You’ve heard of Watergate, but in Bed-Stuy, Fort Greene and Clinton Hill, there is a new scandal dubbed “Iron Gate” – and speculation is growing that it may have something to do with gentrification.
Several people in the metal business say that the recent spate of wrought iron gates stolen from the front of brownstones is not because of the paltry (12 cents a pound) price of scrap iron, but because many new homeowners in the neighborhood are in the market for the refinished antique gates at bargain prices.
We’ve been told that thieves take the gates because dealers are buying gates from these guys and that if they didn’t, there would not be a problem.
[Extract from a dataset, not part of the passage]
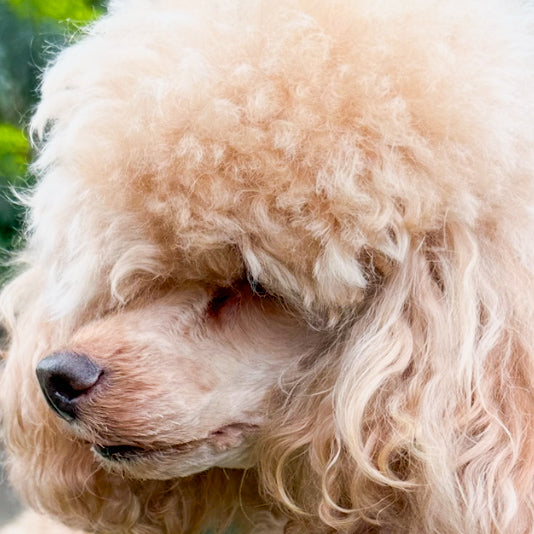 Dog tear stains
Longtime Bed-Stuy resident and brownstoner Irving Boyce-El, owner of Custom Metal Products, said a new antique-looking gate “is anywhere from $1,500 to $3,000.” There’s also a market for the gates in Philadelphia and Baltimore where there is a similar style of housing stock, he said.
It appears that its cheaper to get a used gate, strip it down, prime it and then repaint it, for a new gate in the old style.
The speculation comes as owners of two brownstones on MacDonough Street between Lewis and Stuyvesant Avenues last week became the latest victims of the thefts. In both cases, a white van was spotted in the vicinity and could be involved.
A similar attempt was made to steal a gate on Macon Street between Lewis and Stuyvesant avenues, but the owner has chained his front gate thwarting the theft, but the attempt was captured on a video camera.
Similarly, the ornate gates were taken from brownstones in Clinton Hill and Fort Greene the past few weeks, in which a white van was also spotted suspiciously in the area.
“The real problem is the hinges they used back then,” said Boyce-El, explaining how the older gates are fairly easy to swipe because they were built with drop hinges making it easy to simply lift to unhook the gates.
Boyce-El said many of the older gates are also planted in the dirt instead of concrete. The newer gates have solid hinges and stoppers so they’re not easy to unhook, he added.
Boyce-El said back in the 1980s, when crime was higher, thieves could put a crowbar under the original landmark gates protecting homes and lift them high enough to crawl through and gain entrance into a house to burglarize it.
Other sources in the metal business said it appears the gates are being swiped because new people in the neighborhood like the antique style and don’t currently have a gate on their property.
There are several scrap iron salvage places to fence the fences, said another source, including one in the Gowanus/Red Hook area and one in Harlem.